A Brief History of the Musée de Montmartre

What is the Musée de Montmartre?

Musée de Montmartre is a charming art gallery and museum in Paris that captures the spirit of Montmartre with works by leading figures of the Belle Époque.


Museé de Montmartre

ActuaLitté, CC BY-SA 2.0, via Wikimedia Commons



Musée de Montmartre History


Wandering through the cobbled streets of Montmartre, you will have noticed the traces of its rural past. The old windmills played a central role in the economy of what was until the mid-19th century a village. They were painted (from all angles) by one of Montmartre’s most famous inhabitants, Vincent Van Gogh. Another landmark is harder to spot: the crowded cemetery at Montmartre was fashioned out of an abandoned quarry, which supplied the city with the gypsum used to make plâtre de Paris (or Plaster of Paris).


Montmartre also boasts a small but charming vineyard, just round the corner from this museum. These vines were planted in the 1930s to prevent the land from being redeveloped: under French law vineyards are fiercely protected. But up until Montmartre’s absorption into Paris in the 19th century there had been vineyards here that dated from the Middle Ages. They rapidly disappeared when the area was incorporated into the city of Paris. The New York Times once described Montmartre wine as the ‘most expensive bad wine in the city’. You’ve been warned, but if you’re feeling flush you can decide for yourself.


When Montmartre lay outside Paris, it was exempt from the city’s exorbitant taxes. This made it affordable and attractive to cash-strapped artists and proprietors of bars and clubs. Artists were also drawn to Montmartre’s rustic scenery and the quality of the light (since it was above the smoke of the city). Their presence helped create the legend of Montmartre as a socialist, bohemian artistic haven. The Musée de Montmartre perfectly captures the charm and joie de vivre of the area, with its collection of vibrant works from a generation of local artists that embraced new and ambitious forms of art and expression.


The museum building, the elegant Maison du Bel Air, is over three centuries old and is one of the oldest in the area. It’s closely associated with the artists of the Belle Époque. In the 1870s, it was occupied by Impressionist painter Pierre-Auguste Renoir. It was here that Renoir produced many of his masterpieces, including La Balançoire (or ‘The Swing’) and Bal du Moulin de la Galette (or ‘Dance at Le Moulin de la Galette’), both of which now live in the Musée d’Orsay.

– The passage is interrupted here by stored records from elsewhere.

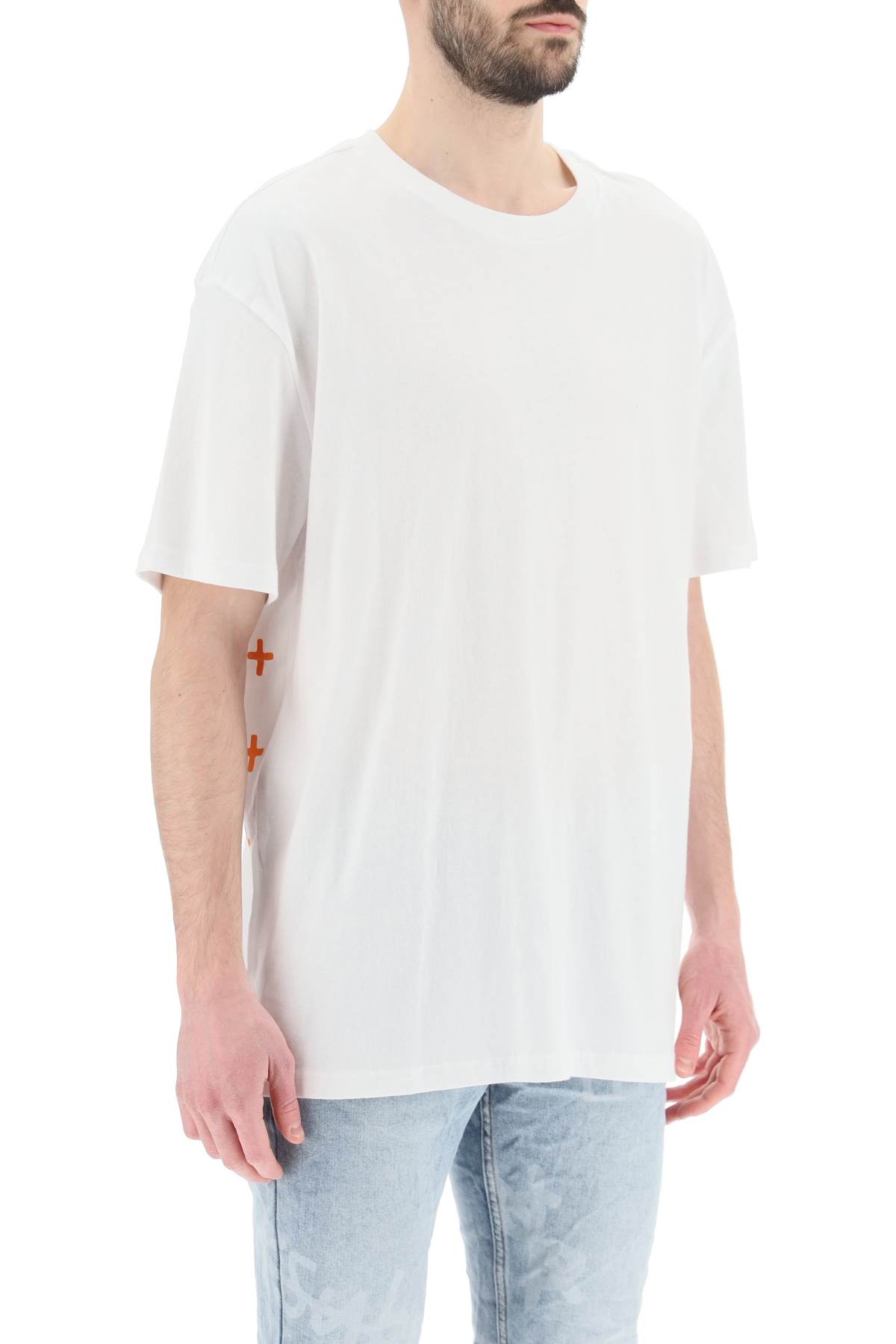 Shop Ksubi 4 X 4 Biggie T-shirt In White (white)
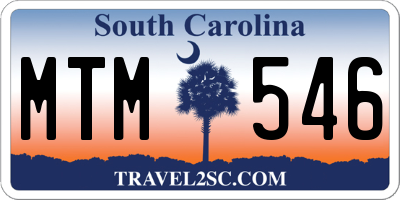SC license plate MTM546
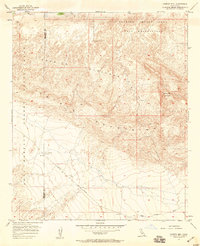 Download a high-resolution, GPS-compatible USGS topo map for Carrizo Mtn, CA (1959 edition)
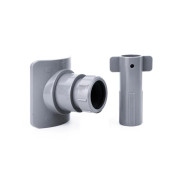 Врезка (адаптер) в канализационную трубу ВК 110х50, ABS, серый РТП (Для внутренней канализации)  ...РосТурПласт 43111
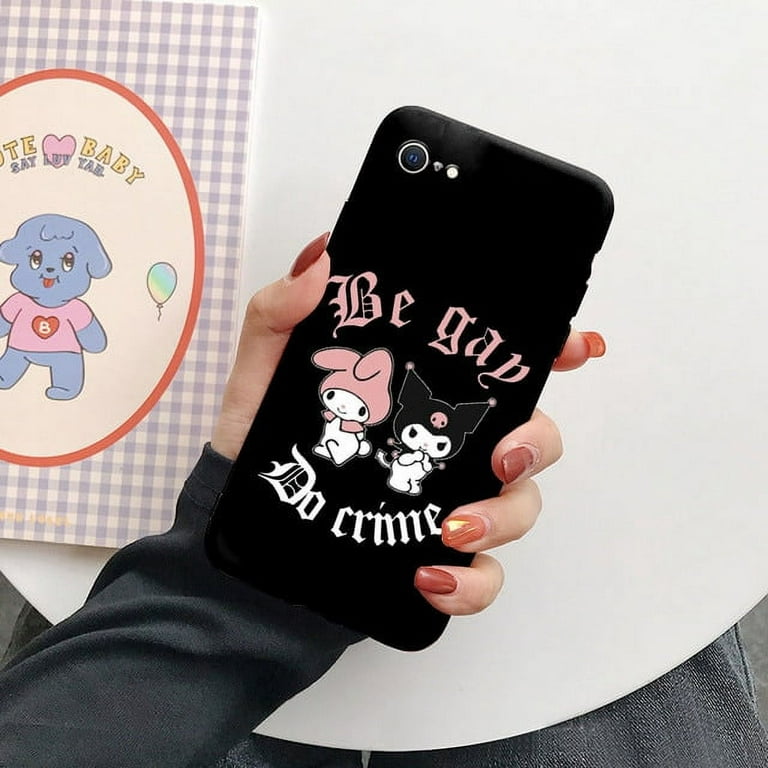 For iphone 7 8 Plus SE 2020 Case Kuromi Melody Phone Cover Anime
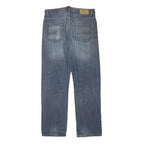 CALVIN KLEIN JEANS Mens Regular Fit Blue Denim W31 L30 Classic Cotton Blend Zip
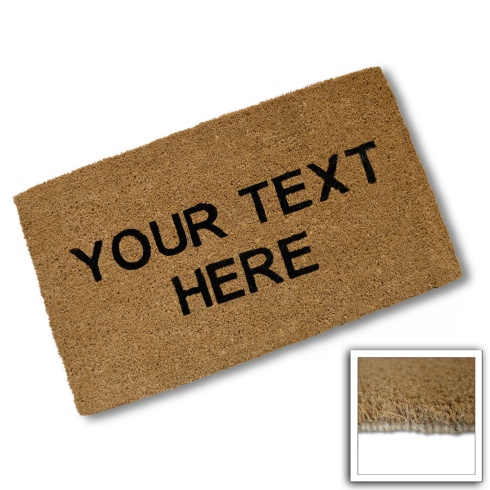 Braided Edge Personalised Door Mats Quality Doormats Custom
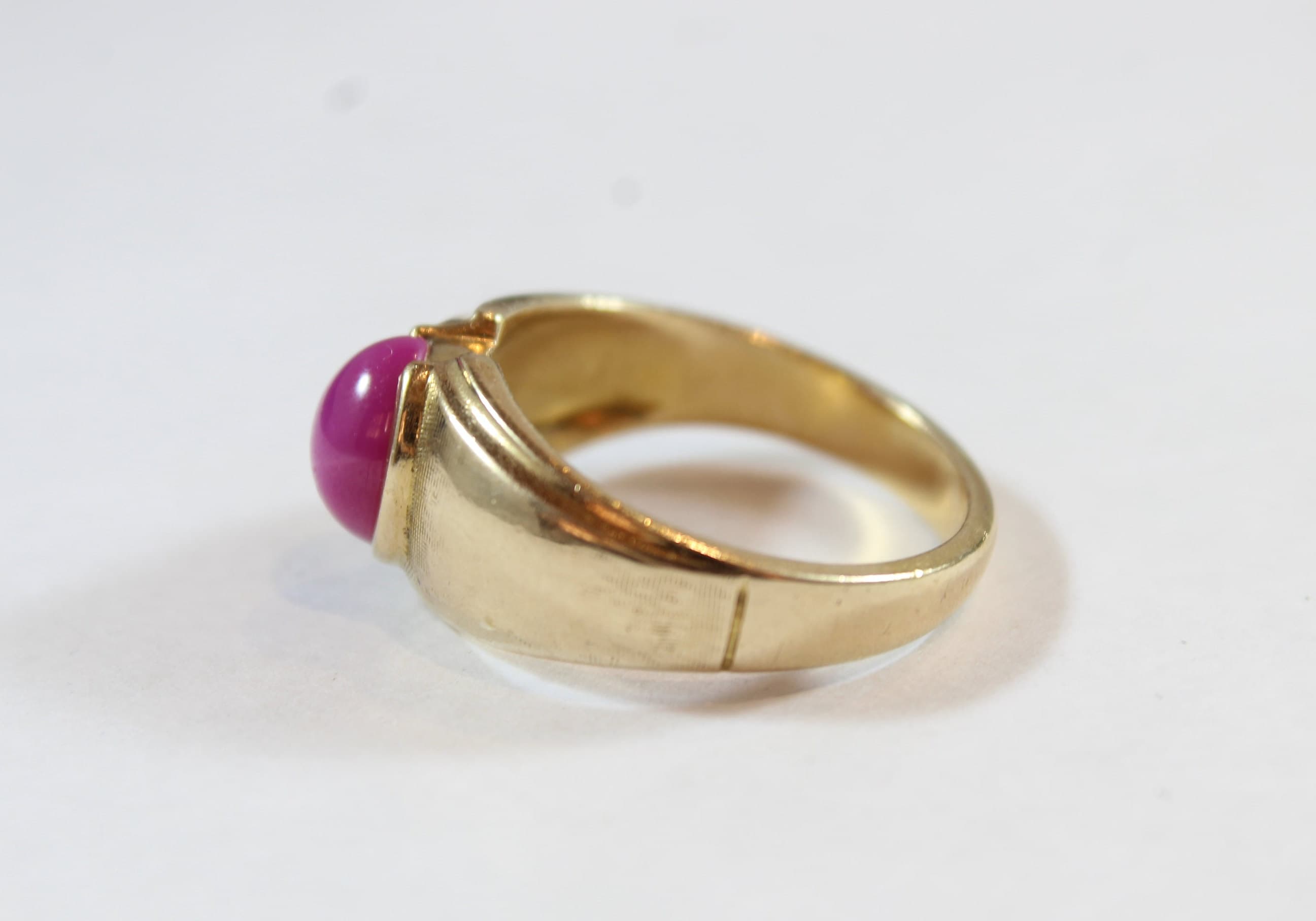 Vintage 10k Gold Natural Star Ruby Ring 9.75US - Etsy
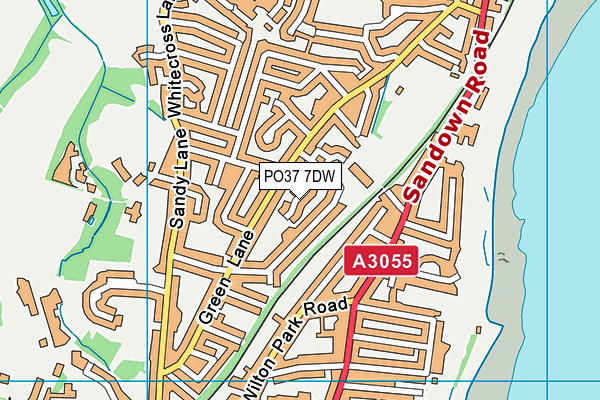PO37 7DW map - OS VectorMap District (Ordnance Survey) PO37 7DW map - OS VectorMap District (Ordnance Survey)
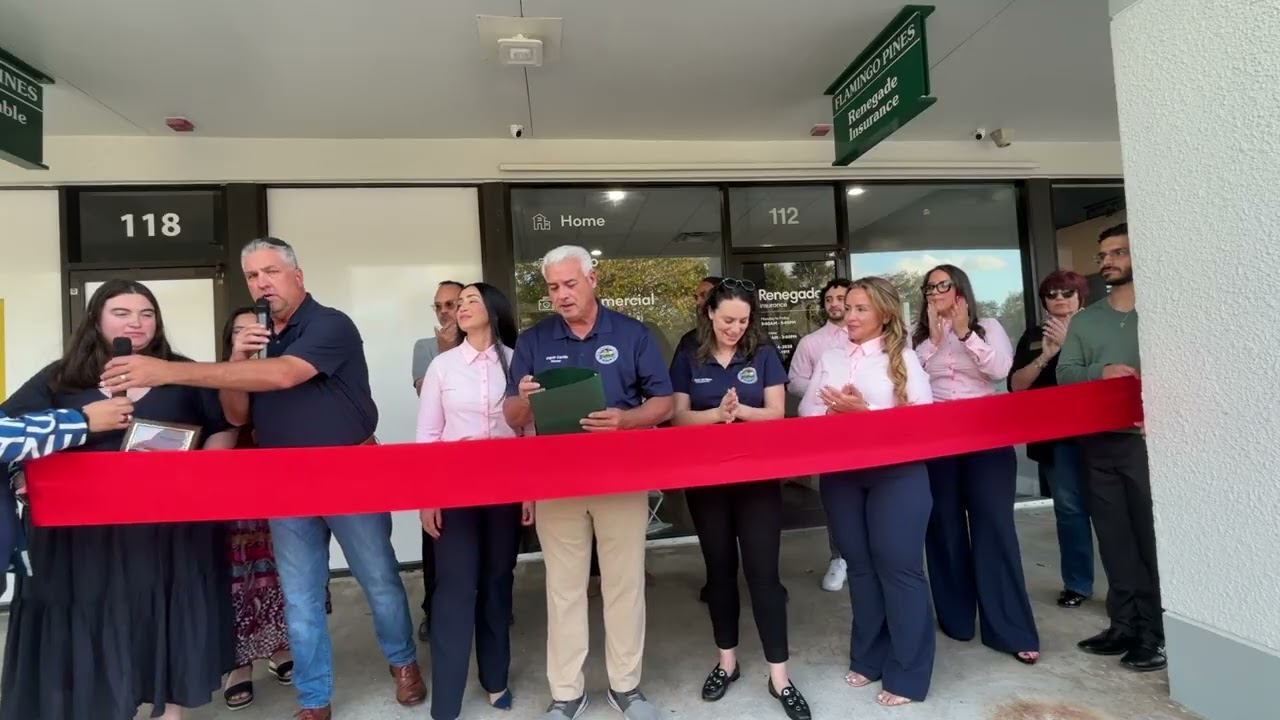 Renegade Insurance Ribbon Cutting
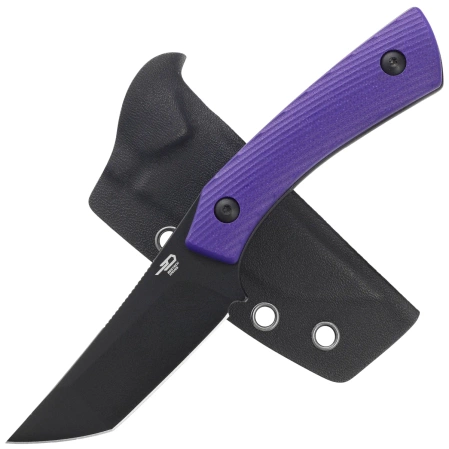 Nóż Bestech Step Purple G10, Black PVD D2 by Denis Simonutti (BFK06C)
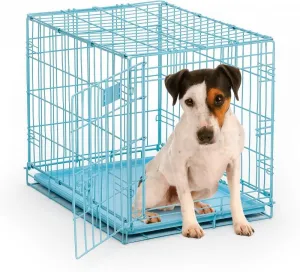 Midwest iCrate Single Door Blue Dog Crate (24" x 18")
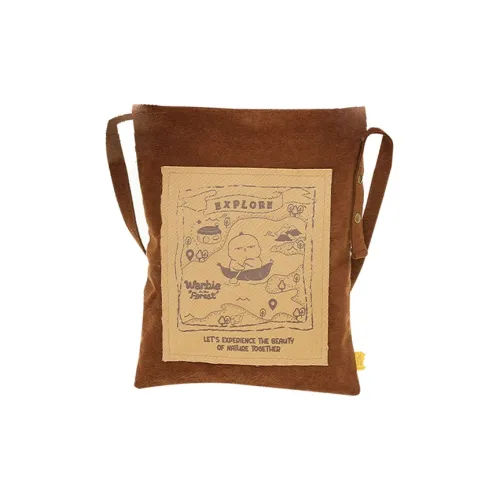 Cool Fun Вельветовая сумка через плечо женская коричневая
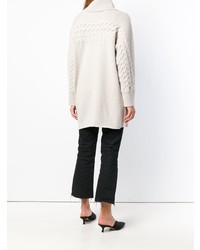 weißer Strick Oversize Pullover von Blumarine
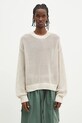 Хлопковый свитер Represent Open Gauge Knit Sweater гладкий бежевый MLM3821.26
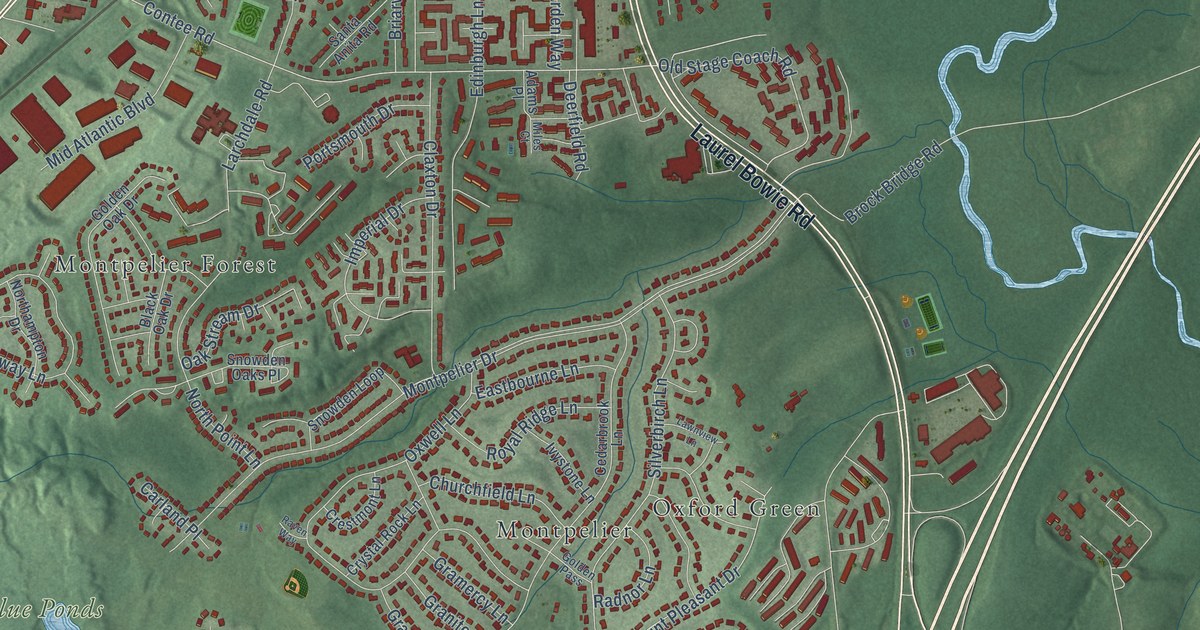 Map of South Laurel, Maryland in 2026
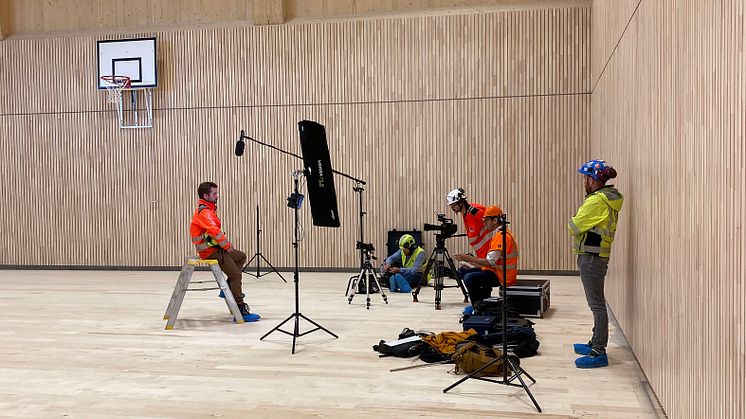 BBC-filming på Torvbråten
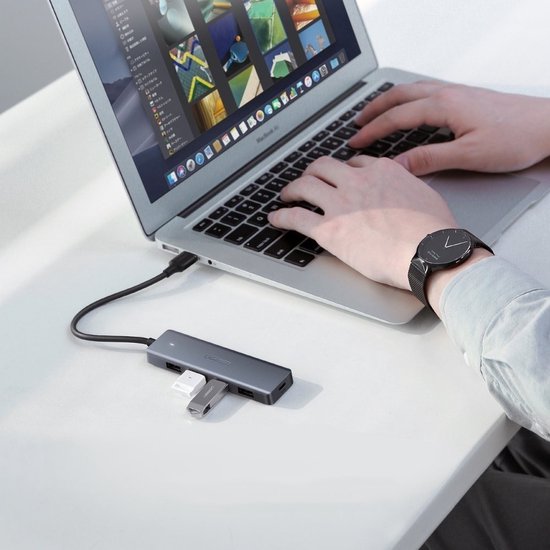 Ugreen Power Hub splitter - USB-C naar 4x USB 3.0 + USB-C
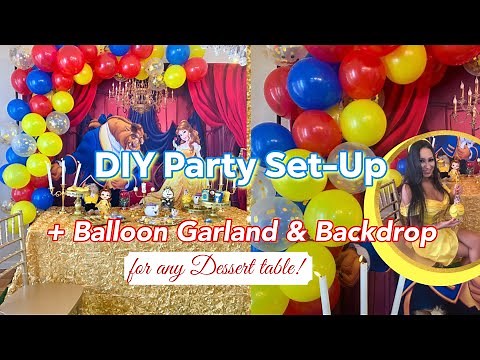 BUDGET FRIENDLY TIPS FOR YOUR DESSERT TABLE SET UP | DIY Easy Dessert Table Set Up For ANY Theme
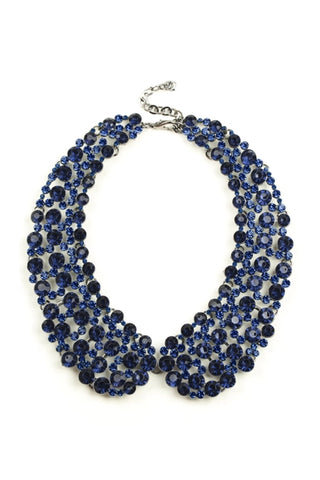 Dark Blue Diana Statement Necklace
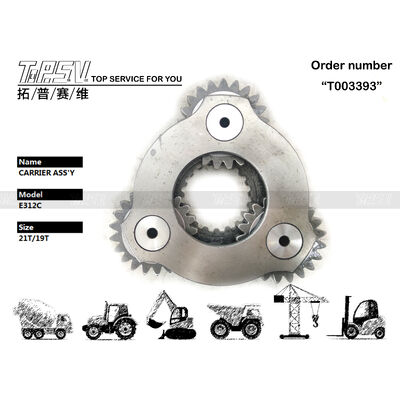 Piezas del conjunto del portador de giro de la excavadora E312D, 1 etapa, para piezas de repuesto de la excavadora con accionamiento de giro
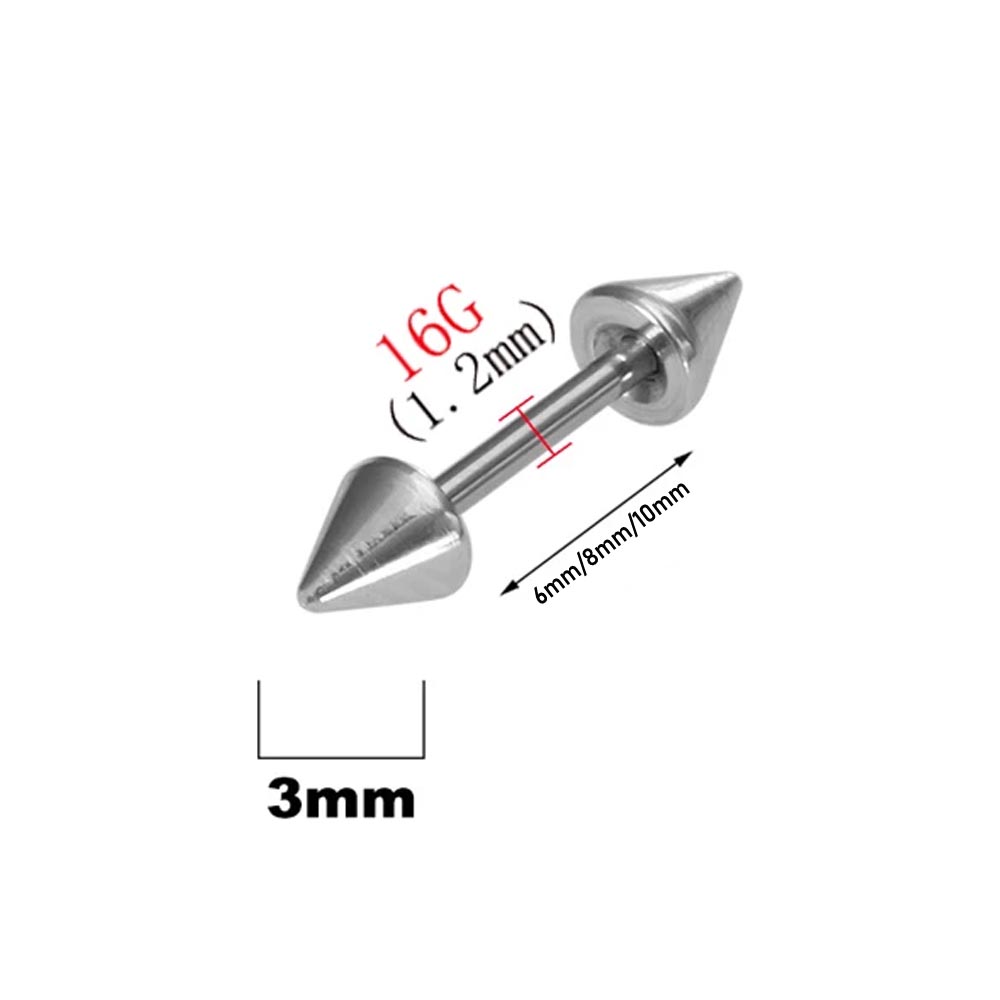 2Pcs 16G Spike Eyebrow Piercin - Eyebrow Curved Barbell recensione e prezzo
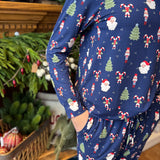 Adult Peppermint Pine Pajama Set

In 1912, Suzanne Valadon moved into the apartment studio with her husband and son. Unlike her fellow artists, Valadon was a Montmartre native, having moved here as a child. Her mother was an unmarried laundress seeking a fresh start in Paris; she chose Montmartre because it reminded her of their provincial town outside Limoges.


Valadon was a free spirit: she kept two cats in her apartment, whom she described as ‘good Catholics’ and fed caviar on Fridays, as well as a goat, who ate any art that she wasn’t pleased with. She joined the circus as a trapeze artist at the age of 14, until she suffered a devastating back injury six months later. She then began working as an artist’s model and taught herself how to draw in pastels. Her drawings caught the eye of Edgar Degas, who encouraged her to paint in oils, and became a close friend and mentor. Valadon became a respected artist, her paintings providing a much-needed female perspective on the female body within modernist art. Valadon died as she had lived - she suffered a stroke while painting at her easel, in 1938.